«Ich war vor den Kopf gestossen», sagt ein Sozialdemokrat an der Delegiertenversammlung vom Dienstagabend. Den Parteiwechsel habe sie als «befremdend» empfunden, sagte eine andere Delegierte. «Ich finde es einfach falsch», sagt ein dritter. Wenn der Name Daniel Frei, des ehemaligen kantonalen Parteipräsidenten, fällt, reagieren viele Sozialdemokraten immer noch grantig.
Zwar sind die überraschenden Übertritte von Daniel Frei und der Kantonsrätin Claudia Wyssen zur GLP bereits einige Wochen her. Im Fall der langjährigen SP-Nationalrätin Chantal Galladé sind es gar einige Monate. Aber in der SP ist das Unverständnis immer noch spürbar.
Ich glaube, das alles hat uns näher zusammengeführt.
Am Ende gehe die Partei jedoch gestärkt aus der Episode hervor, ist die Delegierte Andrea Jerger überzeugt. «Sicher waren wir in einem Schock-Zustand. Aber ich glaube, das alles hat uns näher zusammengeführt.» Negative Dinge würden zusammenschweissen.
Weder dogmatisch, noch intolerant
Den Vorwurf des Ex-Präsidenten Frei, die SP sei dogmatisch und intolerant geworden, lassen die Delegierten nicht gelten. «Ich sehe das überhaupt nicht so, die SP ist breit aufgestellt», sagt ein Delegierter. Der sozialliberale Flügel innerhalb der Partei gebe es immer noch, so eine Sozialdemokratin, «und er muss da sein, er darf da sein, und er hat einen Platz».
Aber natürlich ringt die SP in vielen Fragen immer wieder um ihre politische Ausrichtung. Wegen der Jungsozialisten, des gewerkschaftlichen Flügels und der gemässigten Sozialliberalen hat sie so heftige Richtungskämpfe wie kaum eine andere Partei.
Dieser Schritt noch weiter nach links ist für viele nicht das, was sie sich wünschen.
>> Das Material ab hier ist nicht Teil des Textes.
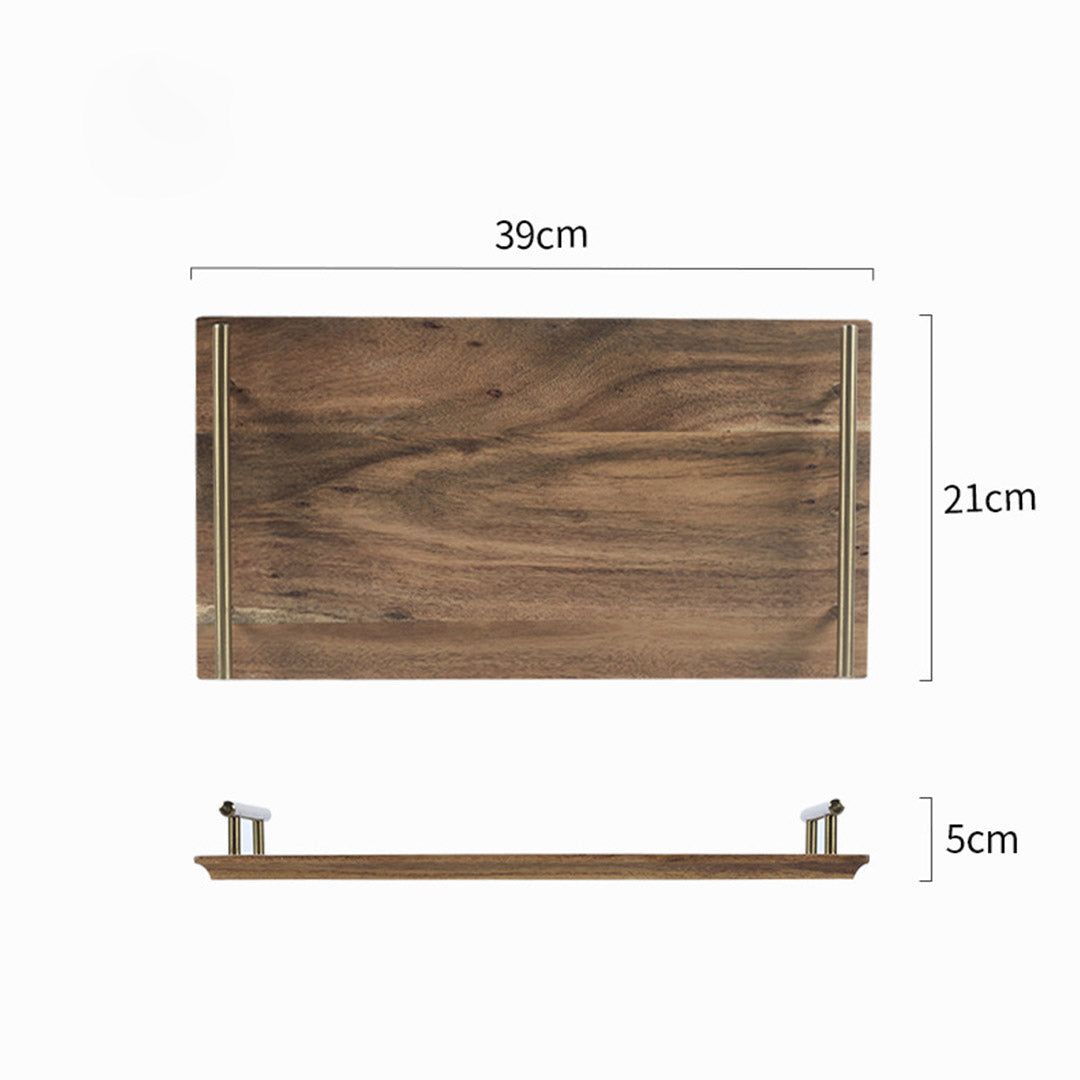 SOGA 2X 39cm Brown Rectangle Wooden Acacia Food Serving Tray Charcuterie Board Home Decor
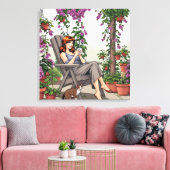女かわいらし性コーヒー、犬と植物を飲む キャンバスプリント (インサイチュ (リビング))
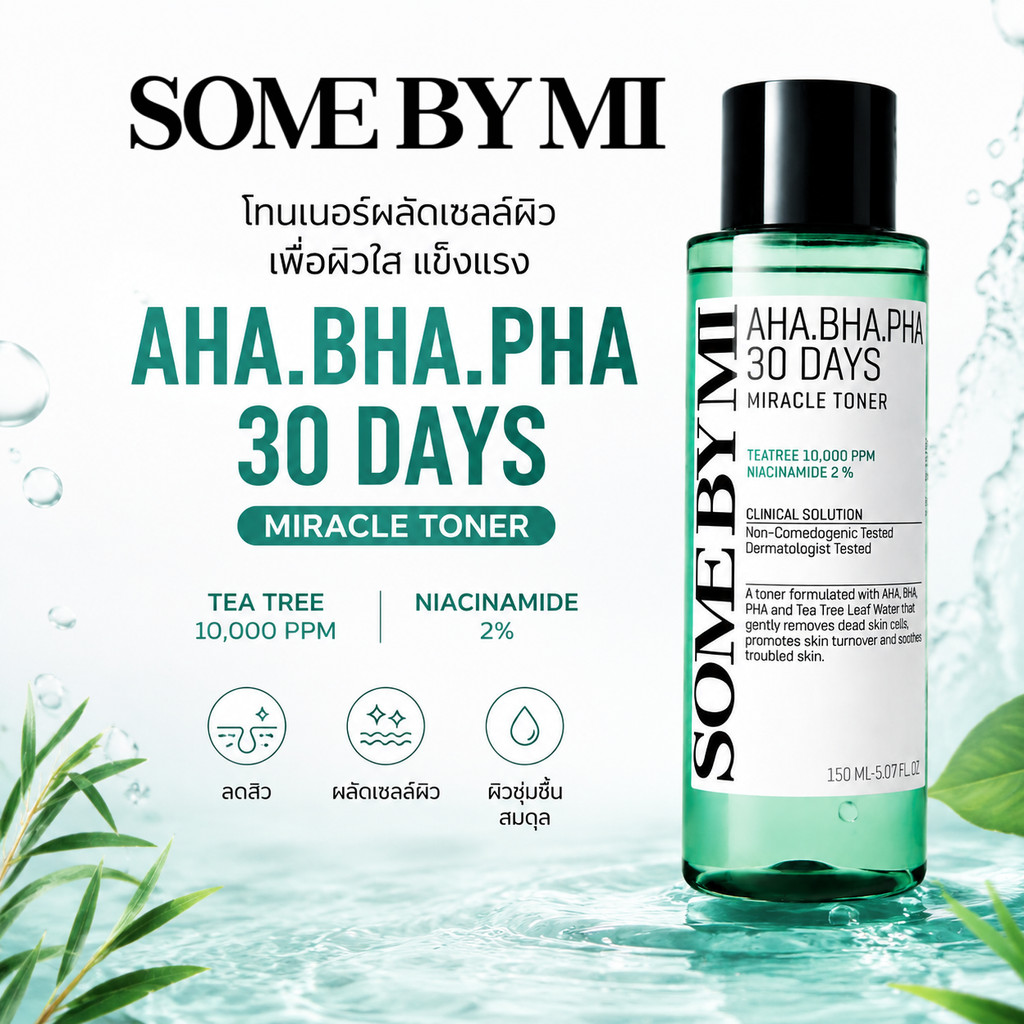 SOME BY MI AHA BHA PHA 30 Days Miracle Toner 150ml โทนเนอร์ลดสิว ผลัดเซลล์ผิว กระชับรูขุมขน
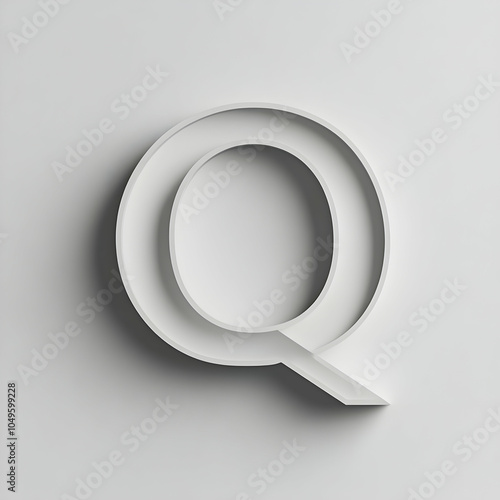 Minimalist Clean Letter Q Design with Thin Lines in Monochrome Style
Sie müsse schon schauen, dass sie nicht zu links werde, meinten einzelne Delegierte, wie etwa Emil Eigenheer aus Effretikon. «Ich habe schon ein wenig Angst vor stark Linken», sagt Eigenheer und denkt an die Jungsozialisten. «Dieser Schritt noch weiter nach links ist für viele nicht das, was sie sich wünschen.»
Rückenwind seit letztem Sonntag
Dass der Schock der Übertritte inzwischen verdaut ist, hat auch mit dem jüngsten Wahlresultat vom letzten Sonntag in Winterthur zu tun. Dort schaffte es die SP, ihren dritten Sitz in der Stadtregierung zu verteidigen – ausgerechnet gegen eine Kandidatin der Grünliberalen.
Doch nun wolle sich die Partei nicht mehr mit den Übertritten befassen, sagt Co-Präsidentin Priska Seiler Graf: «Ich glaube, dieses Thema ist nun wirklich abgehakt. Natürlich weiss man nie, was noch alles passieren kann. Man kann aber mit gutem Gewissen sagen: ‹Das ist jetzt gegessen.›»
Und so steuert die Partei zuversichtlich die nationalen Wahlen an – und hofft wohl inbrünstig, dass keine neuen Überläufer mehr dazukommen.